100,000 Hospitalised With Covid-19 as U.S. Somehow Faces New Pandemic Surge

100,000 Hospitalised With Covid-19 as U.S. Somehow Faces New Pandemic Surge

As of Wednesday afternoon, according to at least one tracker, more than 100,000 Americans are hospitalised with covid-19. The “milestone” is yet another sign that the country is again being battered by the pandemic, despite the availability of several effective vaccines. Data continues to indicate that most of those hospitalised are likely to be unvaccinated.

The grim update comes courtesy of media outlet BNO News, via their tracker developed with Newsnodes, based on data collected from the federal government and states.

Almost a fifth of all current hospitalisations (around 17,000) are in Florida. Texas is second on the list with around 13,000 hospitalised residents, followed by California with almost 9,000. As of yesterday, more than a quarter of those hospitalised were in intensive care and many are dying. The average daily death toll has once again reached over 1,000, mirroring the peak seen last summer.

In the past few months, many countries have faced resurgent and deadly waves of the pandemic, aided by the arrival of the much more transmissible Delta variant. Even highly vaccinated countries like the UK and Israel have recently experienced or are currently experiencing surges of new cases. But in the UK at least, deaths and hospitalizations still remained relatively low during their latest peak. Not so in the U.S., largely in part due to a vaccine rollout that started off fast but has struggled as of late. Currently, about 52% of all Americans are fully vaccinated, compared to 63% of the UK.

The evidence is pretty strong now that the vaccines have lost some of their potency in preventing any infection from covid-19 compared to when they first arrived. Some of this loss probably reflects the modest but real waning over time of antibody-provided immunity to the initial invasion of the coronavirus, but Delta itself may be better at breaking through the frontlines of our immune system than earlier strains.
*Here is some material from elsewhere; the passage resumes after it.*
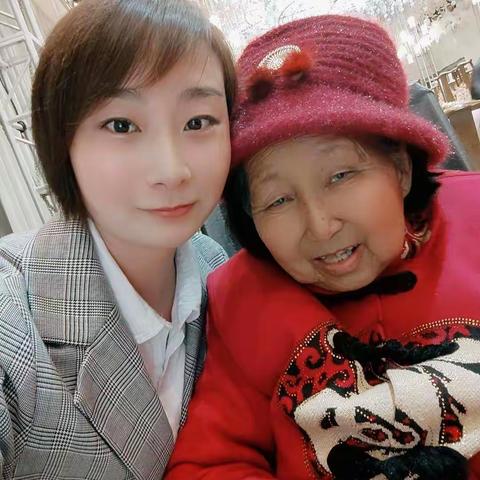 我的奶奶👵，我的奶奶真的很大，大的能装起我整个快乐的童年；我的奶奶真的很小，小的能装进一个四四方方的盒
It’s less certain whether the vaccines are substantially worse at preventing symptoms from Delta, though, and nearly all the data indicate that they are still highly effective at preventing severe illness and death.

A study from the New York State Department of Health published last week, based on surveillance data of New York City residents, found that the age-adjusted vaccine effectiveness (of all three currently authorised or approved vaccines) against any infection dropped from 91.7% to 79.8% between early May to late July, right as Delta was becoming dominant in the area.
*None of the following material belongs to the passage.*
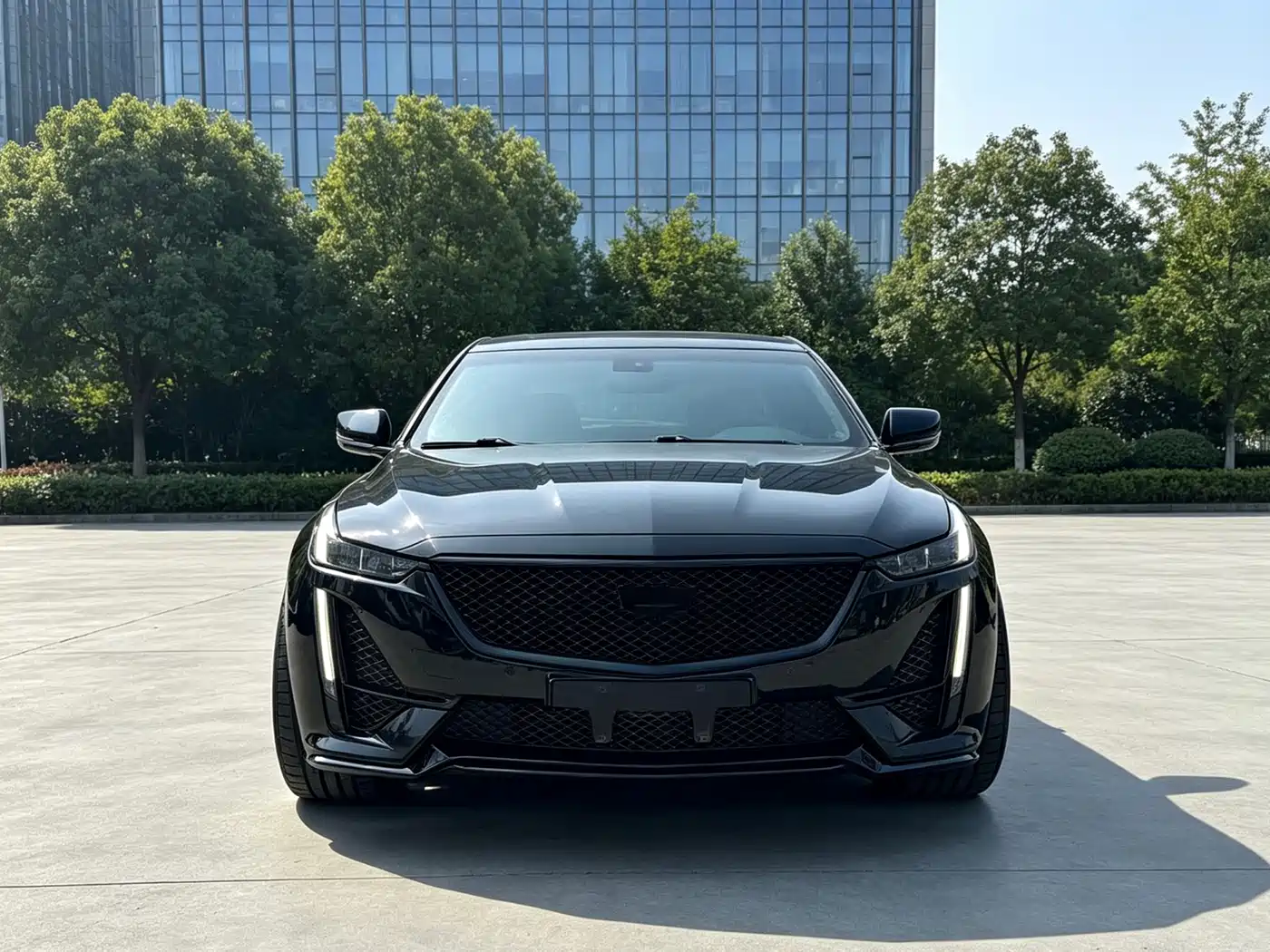 Фото 2 - Cadillac CT5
During that same time, though, effectiveness against hospitalisation stayed high at over 90%. In a new study of Los Angeles residents published yesterday, only about 3% of those hospitalised between May to July were fully vaccinated, meaning that unvaccinated people were around 29 times more likely to be hospitalised. Other research has suggested that vaccines have prevented more than 100,000 deaths and counting in the U.S.

It may be tempting to write off the unvaccinated and hospitalised as deserving and lonely victims of their own hubris. But in the worst-hit areas, these cases are once again overtaxing hospitals and intensive care units, while the sheer amount of community spread means that even fully vaccinated people aren’t as safe from severe illness and death as they could be. Younger children, while at far lower risk of serious harm than adults, are still unable to get vaccinated, and hospitalisations are increasing for them as well. Every death, whether among the vaccinated or not, also leaves behind tragedy for their loved ones.

As before, this latest wave of the pandemic will eventually reach its peak and there is reason for optimism moving forward. States and businesses are increasingly issuing vaccine mandates, buoyed by the recent full approval of the Pfizer/BioNTech vaccine by the U.S. Food and Drug Administration. And vaccine authorization for younger children may arrive before the end of the year.

If these measures do substantially improve the vaccination rate, perhaps combined with the uptake of boosters, the U.S. may be able to forestall another large wave of death and serious illness come fall and winter. But that possibility no longer looks as secure as it might have just a few months ago.